Bangladeshi police officer

Md. Sibgat Ullah is an additional inspector general of Bangladesh Police and chief of the Criminal Investigation Department. He has held several important positions, including director of administration and finance at the Police Staff College and chief of the Industrial Police.

== Early life and education ==
Sibgat Ullah joined the Bangladesh Police through the 15th Bangladesh Civil Service (BCS) Police Cadre in 1995. He holds a B.Sc. and M.Sc. from the University of Rajshahi.

== Career ==
Ullah has held numerous leadership positions within the Bangladesh Police over his three-decade career. In May 2008, he was appointed assistant inspector general to the police headquarters. He was the superintendent of police of Narayanganj District. He was part of the Police Reform Program supported by the United Nations Development Programme.

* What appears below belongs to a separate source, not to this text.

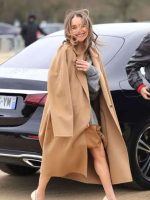 Emilia Clarke Paris Fashion Week Brown Coat New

Ullah served as director (administration and finance) and a member of the directing staff at the Police Staff College Bangladesh, contributing to curriculum development and officer training.

Ullah served in two United Nations peacekeeping missions in Ivory Coast and Darfur, Sudan. He also participated in professional training programs in Singapore, Malaysia, and Austria. Ullah has been awarded the President Police Medal and the Bangladesh Police Medal.

In 2024, Ullah was the deputy inspector general of the Industrial Police. He had to tackle unrest in the industrial areas after the fall of the Sheikh Hasina-led Awami League government. He was then appointed additional IGP (current charge) of the Industrial Police. Bangladesh Garment Manufacturers and Exporters Association thanked him and other police officers for protecting factories during that time.

In May 2025, Ullah was promoted to the rank of additional inspector general of police (addl. IGP).

Shortly afterward, Ullah was transferred to the Criminal Investigation Department and appointed its chief. While Gazi Jasim Uddin of the Criminal Investigation Department was transferred to the Industrial Police.